TensorBoard seems not to read/display the fused graph as the instruction explains.
Here are the steps:
check out GitHub - tensorflow/tensorrt: TensorFlow/TensorRT integration
convert the data dataset into TFRecord
python image_classification.py --model resnet_v1_50 --data_dir ~/dataset/faceTFR --use_trt --precision fp16 --mode validation
tensorboard --logdir=./data --port 6006
open tensorboard in browser and check ‘rasnet_model’ module. Hope to see the nodes reduced from 459 to 4.
Here are issues:
there is no ‘model_dir’ created by ‘image_classification’. So there is no logs when running Tensorboard on ‘model_dir’.

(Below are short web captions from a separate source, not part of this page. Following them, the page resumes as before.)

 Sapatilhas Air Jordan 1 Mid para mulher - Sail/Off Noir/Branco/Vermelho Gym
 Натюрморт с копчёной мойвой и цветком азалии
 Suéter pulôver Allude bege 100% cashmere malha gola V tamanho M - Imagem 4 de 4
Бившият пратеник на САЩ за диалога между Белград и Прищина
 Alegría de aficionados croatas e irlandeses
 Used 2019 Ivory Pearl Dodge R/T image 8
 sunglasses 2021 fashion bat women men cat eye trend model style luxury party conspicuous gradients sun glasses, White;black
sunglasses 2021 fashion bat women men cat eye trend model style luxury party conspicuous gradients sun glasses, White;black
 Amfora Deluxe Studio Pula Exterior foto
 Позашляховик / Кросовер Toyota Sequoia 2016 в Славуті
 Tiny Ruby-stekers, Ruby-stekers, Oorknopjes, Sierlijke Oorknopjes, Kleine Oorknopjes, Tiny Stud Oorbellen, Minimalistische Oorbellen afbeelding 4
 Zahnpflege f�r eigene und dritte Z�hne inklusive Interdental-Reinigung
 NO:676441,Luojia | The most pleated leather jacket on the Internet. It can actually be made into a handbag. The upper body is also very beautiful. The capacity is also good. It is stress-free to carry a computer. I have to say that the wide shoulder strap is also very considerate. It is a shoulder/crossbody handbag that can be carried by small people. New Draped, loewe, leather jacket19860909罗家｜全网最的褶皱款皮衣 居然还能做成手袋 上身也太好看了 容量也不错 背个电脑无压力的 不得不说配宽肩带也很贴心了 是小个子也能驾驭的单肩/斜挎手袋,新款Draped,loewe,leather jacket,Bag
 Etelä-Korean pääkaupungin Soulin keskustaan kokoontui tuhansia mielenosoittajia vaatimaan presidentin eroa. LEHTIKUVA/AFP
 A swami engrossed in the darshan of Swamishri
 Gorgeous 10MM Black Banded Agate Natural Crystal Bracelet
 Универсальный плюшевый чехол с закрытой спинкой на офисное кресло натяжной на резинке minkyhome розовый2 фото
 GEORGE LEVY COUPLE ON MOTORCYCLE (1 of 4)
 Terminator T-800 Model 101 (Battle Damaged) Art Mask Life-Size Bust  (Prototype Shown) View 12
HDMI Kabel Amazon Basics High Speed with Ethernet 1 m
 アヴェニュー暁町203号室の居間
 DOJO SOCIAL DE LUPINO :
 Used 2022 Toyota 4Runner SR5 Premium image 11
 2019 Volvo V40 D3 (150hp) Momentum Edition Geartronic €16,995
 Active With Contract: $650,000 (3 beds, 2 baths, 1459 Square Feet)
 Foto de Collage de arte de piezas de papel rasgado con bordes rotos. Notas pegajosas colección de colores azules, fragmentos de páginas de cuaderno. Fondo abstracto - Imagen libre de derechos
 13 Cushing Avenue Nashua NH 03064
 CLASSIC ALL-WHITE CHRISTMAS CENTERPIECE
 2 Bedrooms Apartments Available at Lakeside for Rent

where running ‘TensorBoard’ on ‘data’, Tensorboard shows the original model as expected.
Is there anything overlooked in the above procedure?
thanks,
steven
Here are the test results:
python image_classification.py --model resnet_v1_50 --data_dir ~/dataset/faceTFR --use_trt --precision fp16
model: resnet_v1_50
model_dir: None
num_calib_inputs: 500
num_iterations: None
num_warmup_iterations: 50
precision: fp16
target_duration: None
use_synthetic: False
use_trt: True
use_trt_dynamic_op: False
url: http://download.tensorflow.org/models/official/20181001_resnet/checkpoints/resnet_imagenet_v1_fp32_20181001.tar.gz
num_nodes(native_tf): 741
num_nodes(tftrt_total): 474
num_nodes(trt_only): 0
graph_size(MB)(native_tf): 97.8
graph_size(MB)(trt): 195.6
time(s)(trt_conversion): 15.9
running inference…
Here are system setup:
TensorRT 5.0.2.6
Bazel 0.21.1
cuda 9.0
cudnn 7.3.5
facenet dataset
Geforce 1050
Tensorflow 1.13.1
Python 3.6
NVESJ
April 4, 2019, 6:26pm
4
Hello,
I tried to repro the bug you encountered on the tensorrt docker container and found no issue with the script. The “model_dir” folder will be generated after the inference is done and the Tensorboard events file is in the “eval” sub-folder inside the “model_dir” folder.
If you are running the example in your own TensorFlow environment, maybe some steps are missing or some packages are deprecated? We suggest you to use our docker containers since it would be slightly easier and you get everything up to date.
Thank you.
NVIDIA ENTERPRISE SUPPORT
Hi,
thanks for the reply.
which version of docker do you use? tensorrt or tensorflow?